From independent label Diablo Entertainment and Director Eric England (Madison County, Contracted) comes, Get the Girl, a twisted romantic thriller with a sense of humour.
Love sick Clarence (Justin Dobies) resorts to unorthodox measures to win the attention of the object of his affection, the distressed but also feisty Alex (Elizabeth Whitson). Despite his smarminess, Clarence is absolutely loaded and reels in the equally slimy Patrick (Noah Segan) to dream up an intricate plan to “create an opportunity” for Alex to finally notice him.
Clarence gets more than he bargains for when Patrick stages a “fake kidnapping” for an extortionate amount of money and embroils his masked-clad gang in on the action. The stage is therefore set for a home invasion of epic proportions. Will Patrick stick to his end of the bargain or has Clarence bitten off more than he can chew? Events of course go horribly wrong making it a night that this group of misfits won’t forget in a hurry!
Get the Girl sets itself apart from England’s previous work. It’s not explicitly a horror film but contains a sense of darkness and some gun kills and gore. It’s more of an action thriller with heaps of comedy deriving from a script that is completely tongue in cheek. Get the Girl is a harmless, fun thrill ride from start to finish with its witty script and fast pace. There’s nothing new or fresh on offer however England takes the “cat and mouse thriller” concept and does a pretty decent job with it.
Visually it takes on the “trendy” stylistic neon aesthetic seen in an array of modern genre films, creating the right balance of brightness and darkness in terms of how the film is lit. This of course compliments the film’s darkly comedic tone. The heist scenario and use of uncanny, rubbery masks echoed The Purge using the trope of anonymity to threaten the victim. The masks add in a creepy vibe but then their presence becomes amusing with the farcical nature of the characters.
Get the Girl doesn’t take itself too seriously whatsoever depicting characters who are ruthless and out of themselves but at the same time display a certain level of charm. Patrick’s gang are all a bit hapless and are thrown into the situation without any real conception of what they’re supposed to be doing. It’s all a bit slapstick with themes of murder and death portrayed in a comedic fashion. The laughs materialize from the dark scenarios that play out achieving exactly what a dark comedy should do.
To quote Patrick, “always be the smartest guy in the room”. His character refers to this line at various points in the film, alluding to the fact that the plot is always one step ahead of the audience and when the twists come in thick and fast they are overall quite satisfying.
All the performances are solid, both Clarence and Patrick make the audiences skin crawl in different ways, Dobies and Segan respectively play their “anti-hero” roles well.
Elizabeth Whitson gives a strong performance portraying Alex as a self-reliant, independent single woman who is resourceful and in fact doesn’t require a man to “save her” like Clarence attempts to do.
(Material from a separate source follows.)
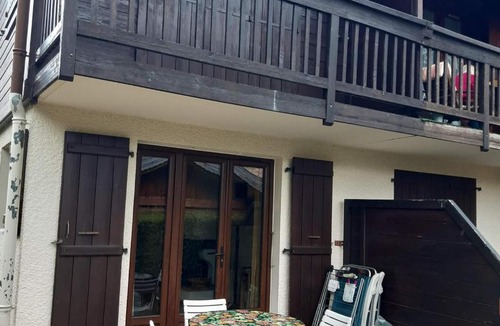 Les Tines Apartment | T2 rez-de-jardin Chamonix avec parking et vue Mont Blanc - FR-1-517-65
She fights her attackers back and even uses psychological manipulation to wear them down. The direction her character goes in during the film’s climax kind of undo’s the feisty female she’s built up as. England leaves the ending on an uncertain note allowing the viewer to conjure up their own ideas about what Alex decides to do. This was slightly disappointing and after viewing the film it will become clear as to why.
Speaking of the climax, a notable score plays in the background featuring haunting female vocals and bassy undertones. It’s slightly reminiscent of the Marco Beltrami composed ‘Sidney’s Lament’ from the Scream (1996) soundtrack. The piece heightens the realisation and severity of the events that have unfolded and the choices the remaining characters have to make.
Scout Taylor-Compton (Halloween 2007) deserves a mention for her performance as Patrick’s long suffering girlfriend Jade. She shows a more vulnerable side to the character and shares some great scenes with Alex. It’s refreshing to see women supporting and looking out for each other even in the unconventional situation that is presented. Adi Shankar portrays KJ, the useless, rap loving henchman as super obnoxious and annoying, acting as the main foil for Patrick’s plans.
Get the Girl is highly entertaining without being too complex. It keeps up a consistently funny tone throughout and is visually stylish. It’s a popcorn/movie night kinda flick that doesn’t require overthinking. Just sit back and enjoy the fun factor.